At the beginning of the week, the inside story of the Gove-Johnson was catalogued by BBC journalist Mark Mardell in a handy cut-out-and-keep list for budding dramatists. It dripped with blood, worthy of anything by Shakespeare.
Thereafter, politics moved from its first definition - 'activities associated with the governance of a country' - to its second: 'activities aimed at improving one's status or increasing power'. The transition was unseemly, littered with personal attacks and posturing.
Tory MPs were conducting their own savage campaign to find a pair of candidates to suggest to their membership. By the end of the week, Michael Heseltine had 'disembowelled' Michael Gove, to quote one journalist, putting a final stake through his chances in the leadership election. The last of the big three Brexit leaders was gone. Tories never value disloyalty.
Fox and Crabb had gone as well. We were left with an all-female shortlist of Theresa May and Andrea Leadsom (the last leading Brexiteer still standing?) which would be put to the ca 150,000 party faithful for them to choose our next Prime Minister.
At the other end of the corridor, Labour continued its wranglings with offers and counter-offers of mediation against a ominous backdrop of 'I shall not be moved' from Jeremy Corbyn. Angela Eagle collected sufficient support to launch a leadership challenge which will no doubt dominate the Labour news next week.
In the real world, the economy continued to stumble along, with the pound sinking ever lower. Journalists flew to their blogs and word-processors to churn out observations on the result. John Lichfield suggested that Britain was having a nervous breakdown and highlighted, yet again, Boris Johnson's role in creating the myth of Brussels bureaucrats.
He memorably reminded us that the Queen of Hearts' insistence that we should have 'sentence first - verdict afterwards'. How apt a description of what had happened with the referendum.
A new hero emerged at the European parliament in the person of Guy Verhofstadt, a former Prime Minister of Belgium. He came to prominence when he responded to Nigel Farage's appalling leaving speech by saying that he was looking forward to saving money in the EU budget when Farage left: his salary. He made two speeches - on 28 June and 5 July - to the Parliament, both articulate and great theatre.
As well as decrying the chaos in the Brexit camp in the way that only a critical friend can do, he challenged the EU to see the consequences of the vote as an earthquake which needed a response and not something that could be brushed aside with a 'business as usual' attitude. He must have been looking over his shoulder at some of the other countries, with active right wing parties.
The face of Donald Tusk as Verhofstadt laid into him for his inertia was a joy. (Did I spot one of valiant UKIP MEPs sitting with her back to Verhofstadt as he spoke?). Verhofstadt would agree with John Lichfield that the nervous breakdown was in full swing.

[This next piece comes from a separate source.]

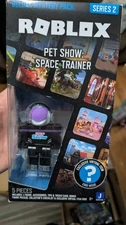Roblox Deluxe Mystery Pack Pet Show: Space Trainer Series 2  virtual item 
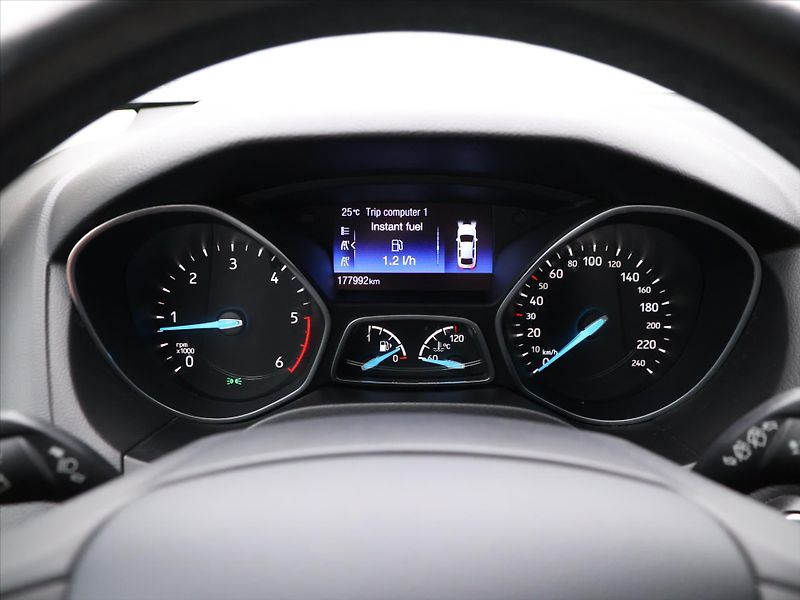 Ford Focus 1.5 TDCI 88kW Aut. Klima Navi - fotka 17 z 31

Our eyes were taken off the European question mid week when the Chilcot report was published. But our gaze swiftly returned to the main topic when Sam Coats Times drew attention to the parallels in a tweet: 'Chilcot begs government never again to embark on huge risky leaps of faith based on dodgy evidence and without solid planning.'
Dodgy evidence? A sexed-up dodgy dossier? That seems a generously mild summary of what the Leave campaign offered.
Special interest groups went into over-drive attacking Tony Blair with almost no realisation of the irony that they were accusing him of doing what the 'British people' had just done: decision first - analysis afterwards. The Queen of Hearts' dictum.
In discussions, the same questions came up time and again:
- How could we have been so stupid to have voted for something so ill-defined (and seemingly suicidal when looked at in detail)?
- How are we going to square the circle and actually implement the 'wish of the people'?
No answers were yet forthcoming but we could all rest assured that Oliver Letwin, whose contempt for the Civil Service is well-known, was gathering about him 'the brightest and the best' of them to work out how to achieve the second. It will take quite a team.
Here in Cornwall, the search went on for anyone who actually voted Leave and understood just how much money the county had been receiving from the EU each year: money that was highly unlikely to be forthcoming from a UK government. The total so far is 1.